New Haven Register
by Shirley Gonzales
January 1984
The John Slade Ely House on Trumbull Street shows fun and funk in its two current shows. Downstairs, "Points of View" is based on architectural prints by Wes Goforth and furniture designed by Karl Nordstrom and Bair Cook. The latter are innovative, if impractical, and even good looking. In Cook's case the materials are concrete and glass, in Nordstrom's they are slatted wood and concrete. Her Rock-In-Chair looks like an old fashioned wheel chair with its base set in concrete. A round table has a curving split across the middle of the top, split again into curving slits held apart by chocks. Cook's glass suggests more formal and frail compositions.

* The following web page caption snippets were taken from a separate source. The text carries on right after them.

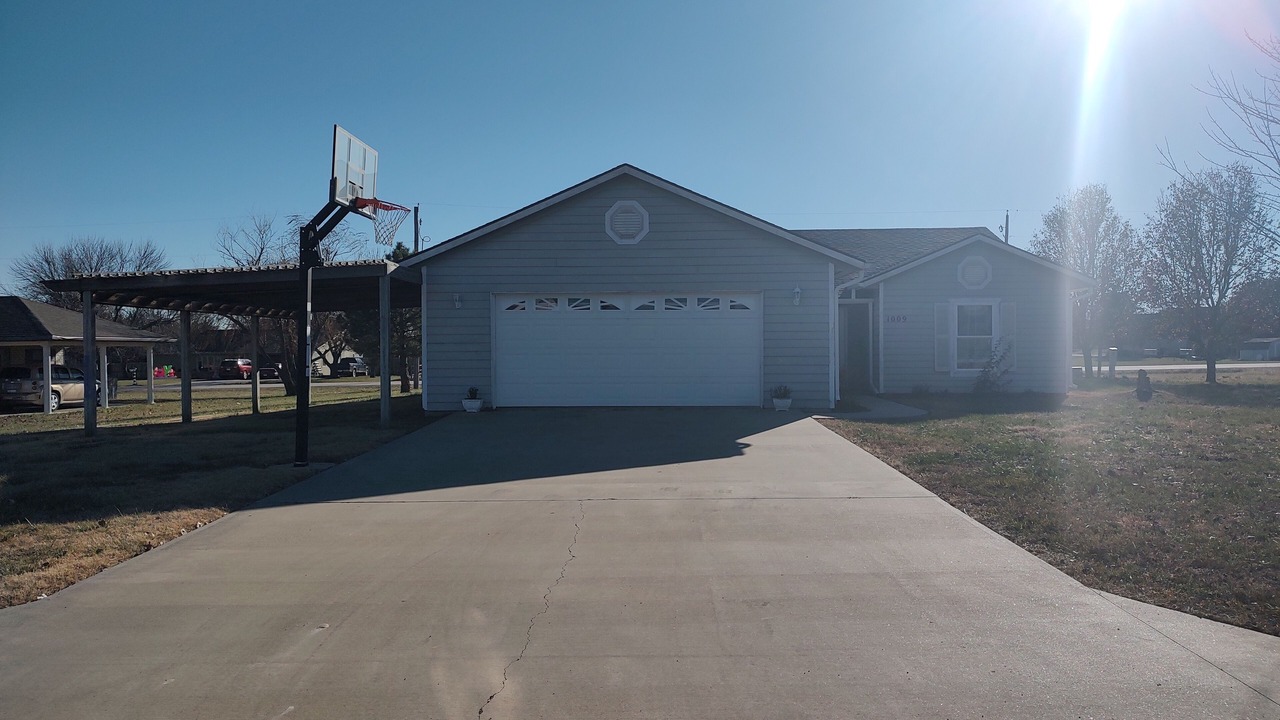 Photo of Outdoor in Iola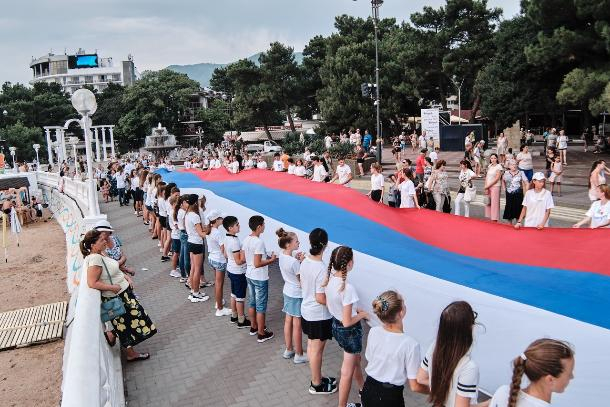 В День флага России в Геленджике будет очень жарко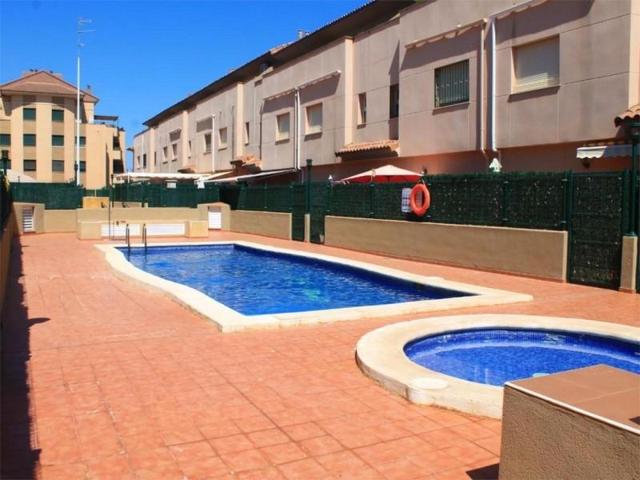 Adosada en venta en La Pobla de Vallbona, Ayuntamiento photo 0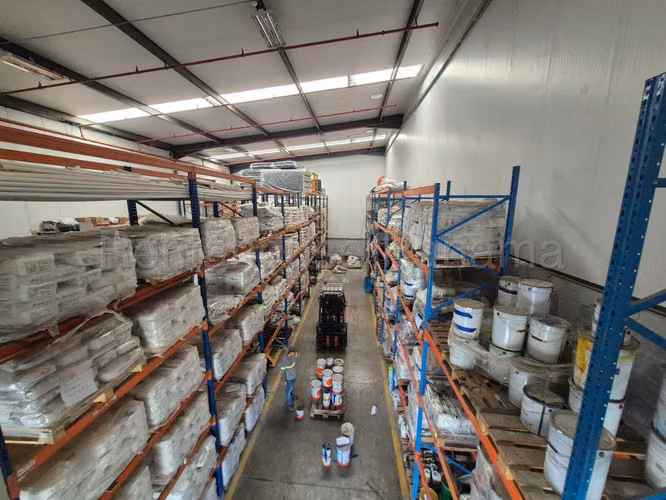 VENTA DE GALERA EN DOS CAMINOS LAS MANANITAS HQ - Imagen 2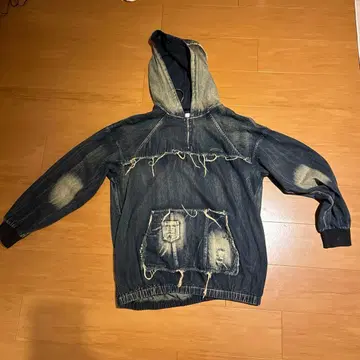 데미지 가공 후드 부착 데님 자켓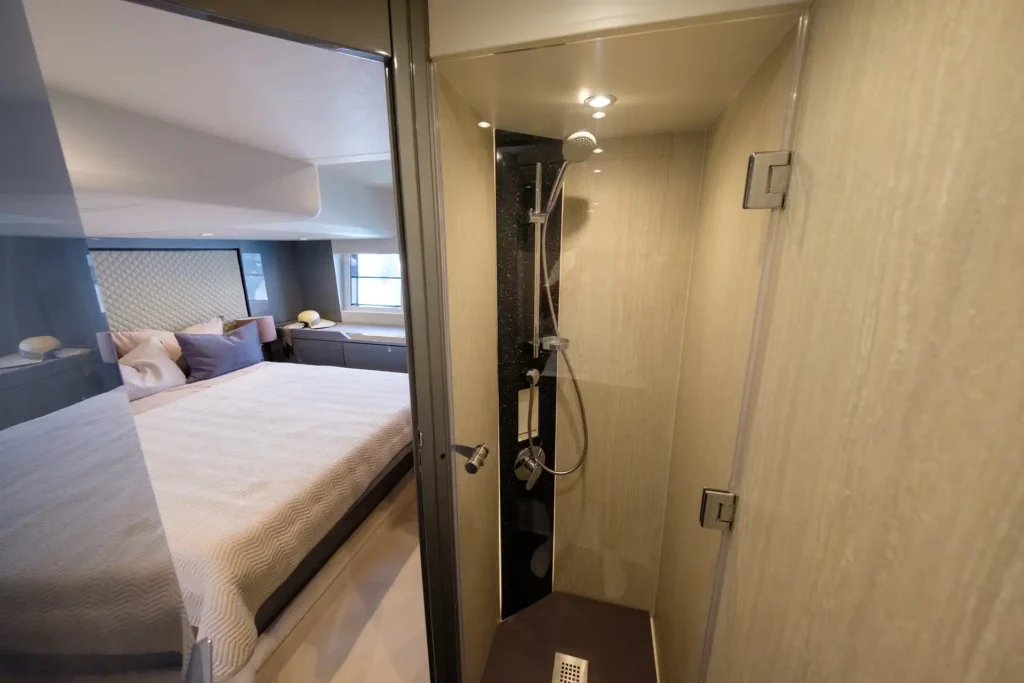 Blick in das Badezimmer der Hauptkabine mit separater Dusche auf der Fairline Targa 48 Open.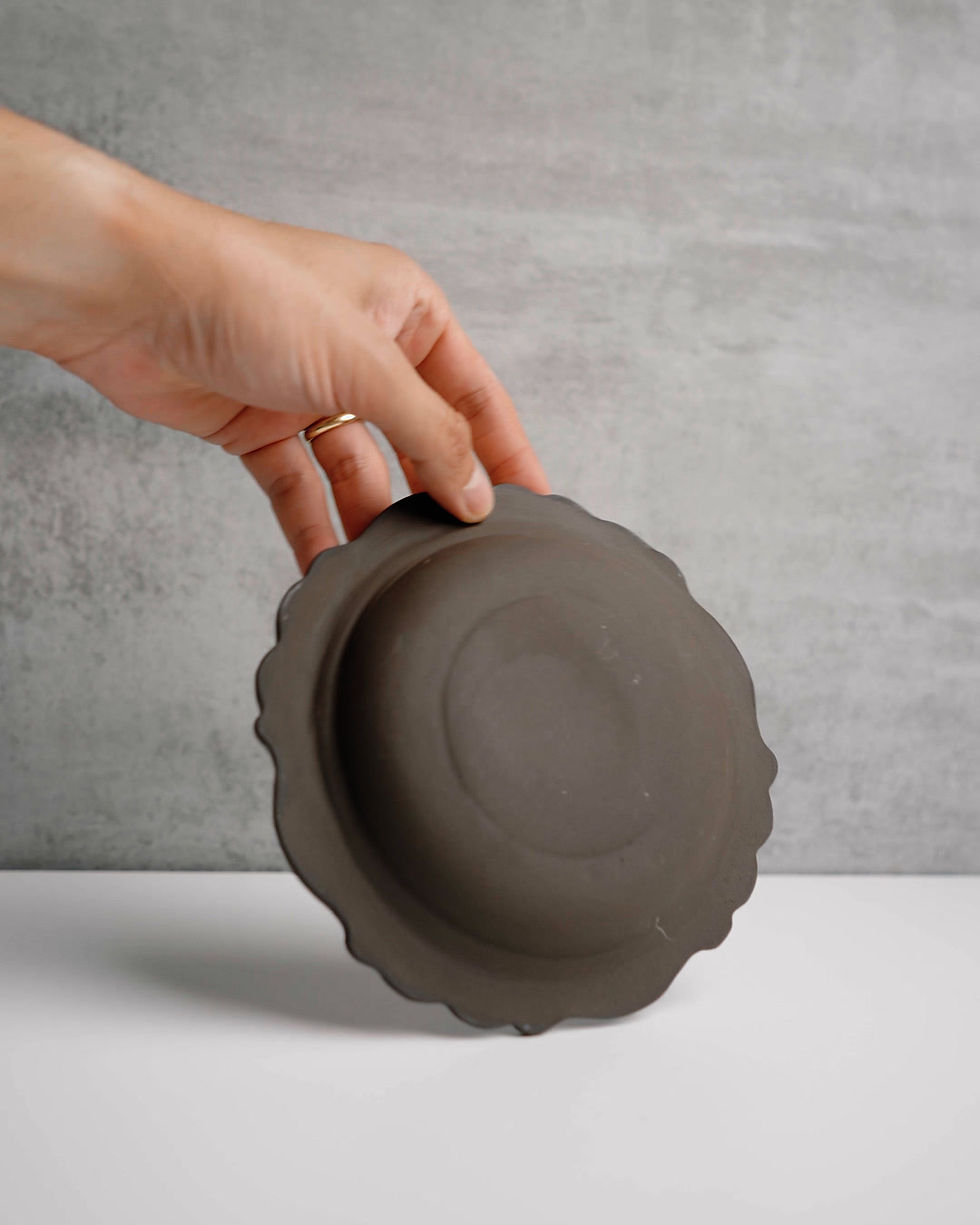 Küçük resim: Koyu Kahve Porselen Meze Tabağı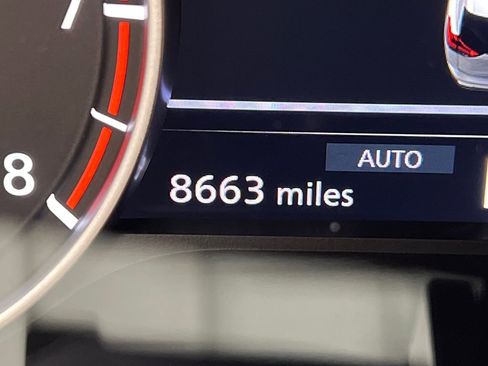 Used 2025 Nissan Rogue SV image 48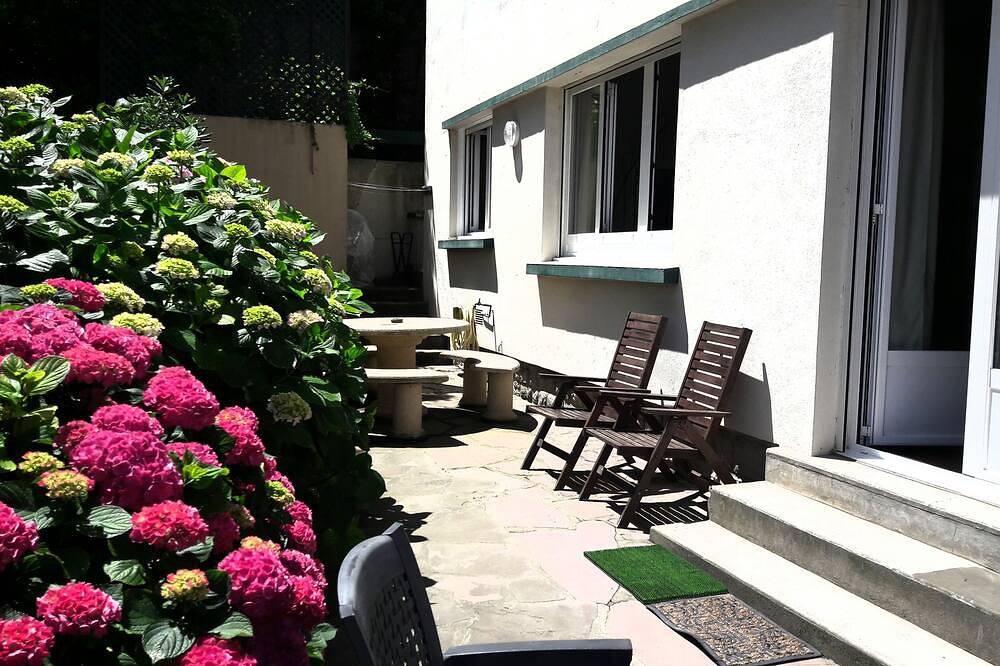 Appartamento intero, T3 con terrazza, vista mare, hyper centre biarritz, porto vecchio, a 20 metri dalla spiaggia. in Biarritz, Bayonne e dintorni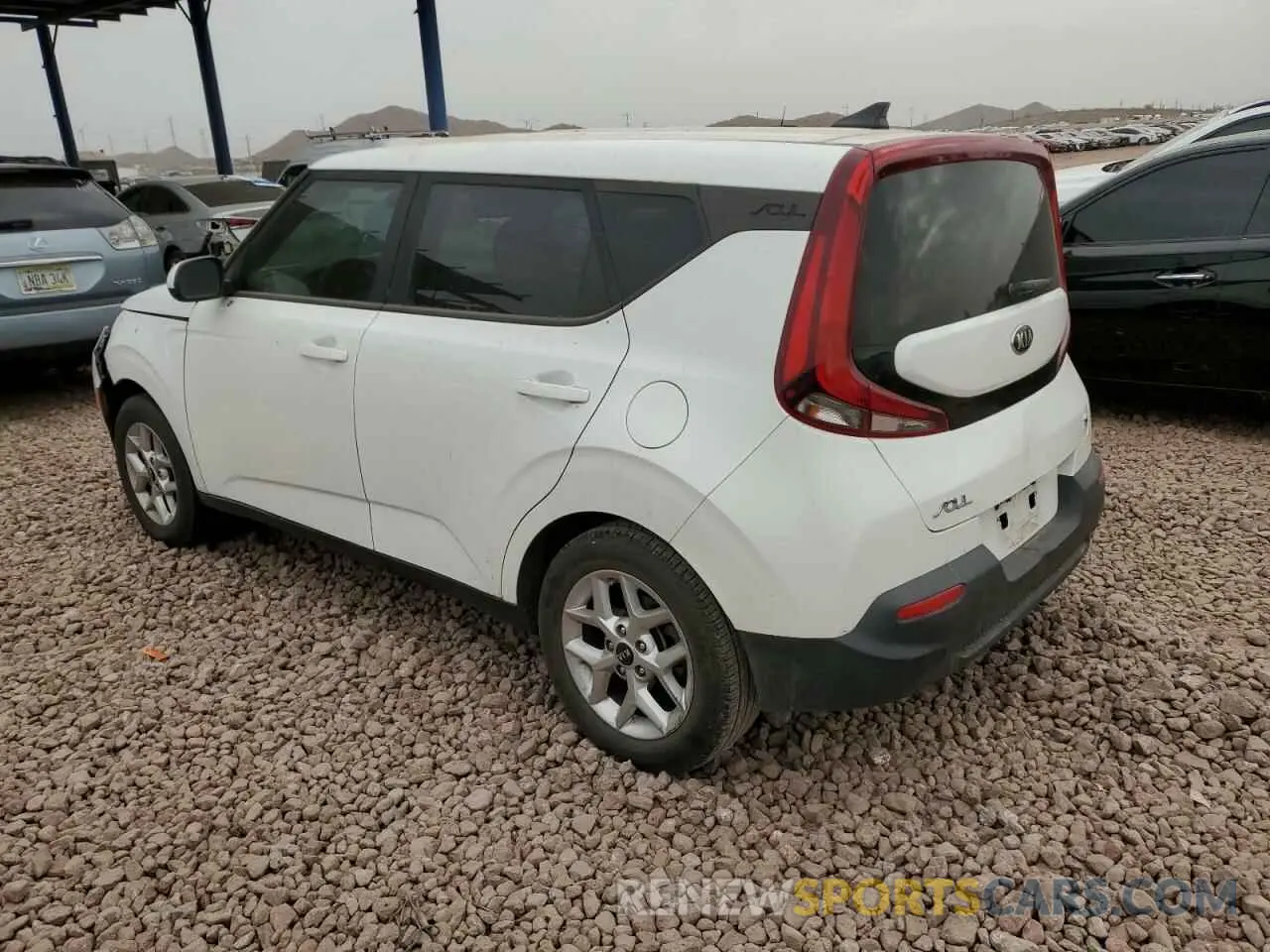 2 fotografías del automóvil dañado KNDJ23AU9L7062137 KIA SOUL 2020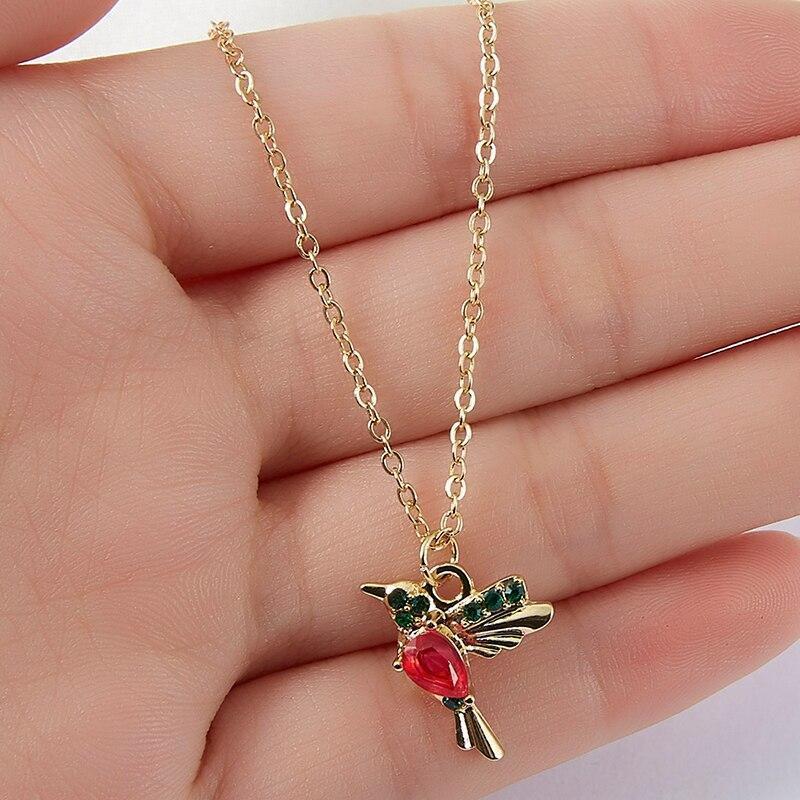 Collier délicat avec pendentif colibri en émail et zircon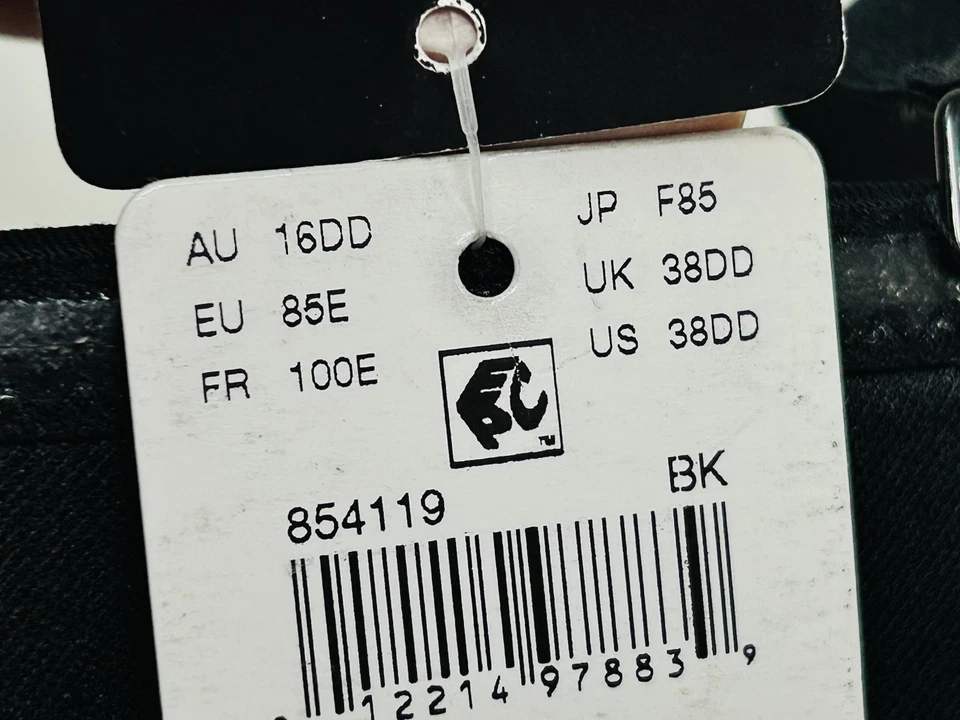 Wacoal 854119 Underwire Lined Multi Way Strapless Bra size 38DD - Image 4 of 4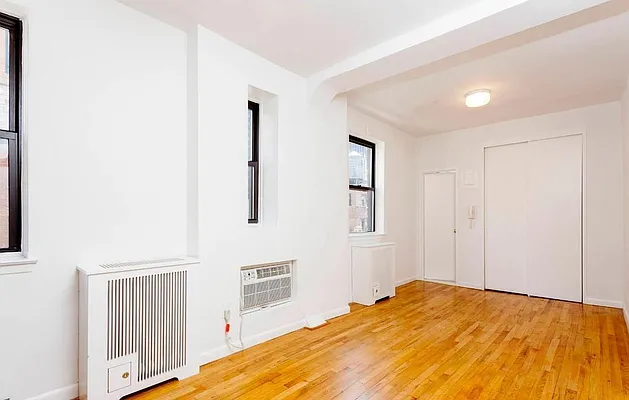 Rented by Compass | media 9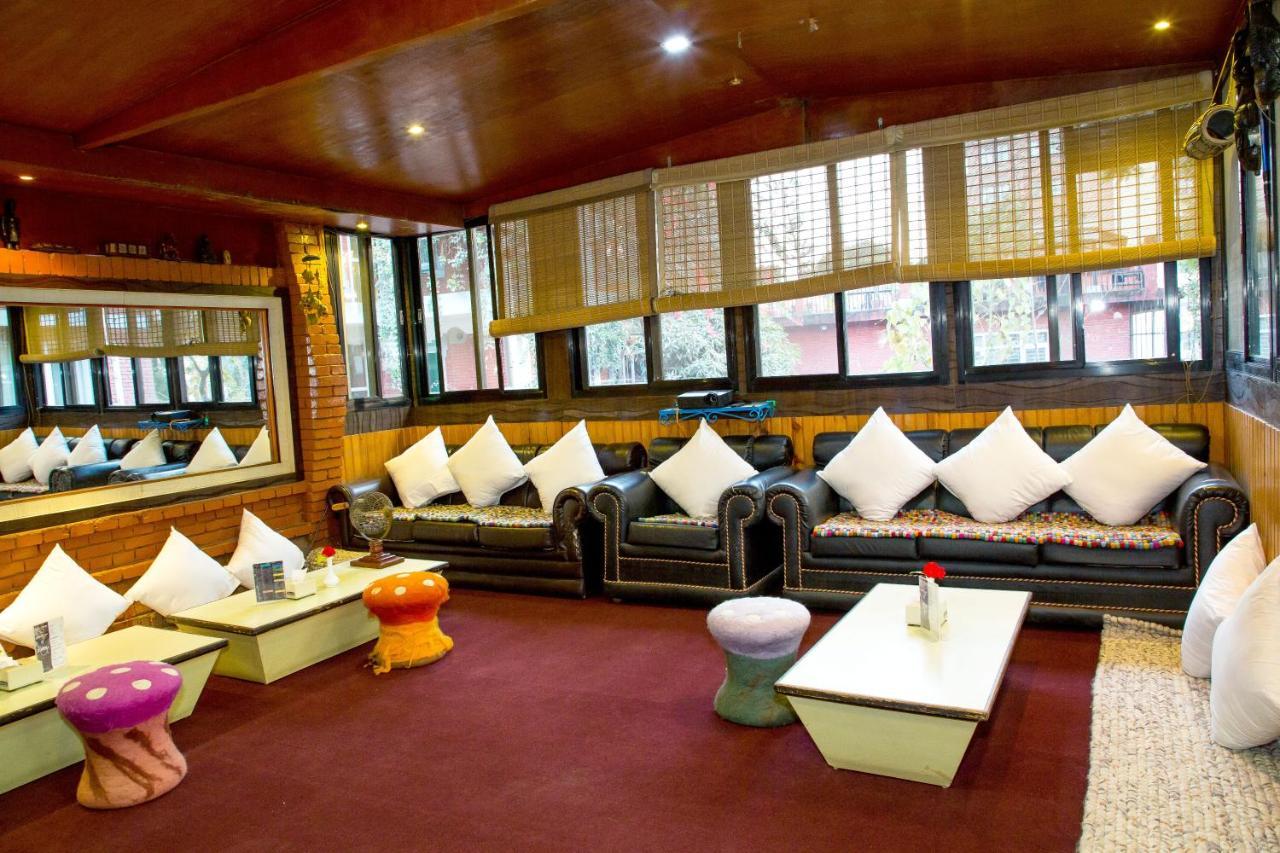 Shangrila Boutique Hotel Катманду Екстериор снимка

"Buy and Sell" in the upstairs gallery was organized by Beverly Richey, Paul Rutkovsky and Jack Harriot. It also blends tradition tradition, in the form of Harriot's photographs of shops that sell furniture with what is what is close to a sixties happening rather than an exhibition. Unlike what is seen belowstairs, there is a lack of craftsmanship in evidence, which is probably appropriate considering that most of the show seems to be a condemnation of America as a television-advertising scam and a purveyor of war as a game. Even the refreshments were cakes topped by toy soldiers, American flags and white doves. The materials and techniques are appropriate for the concept.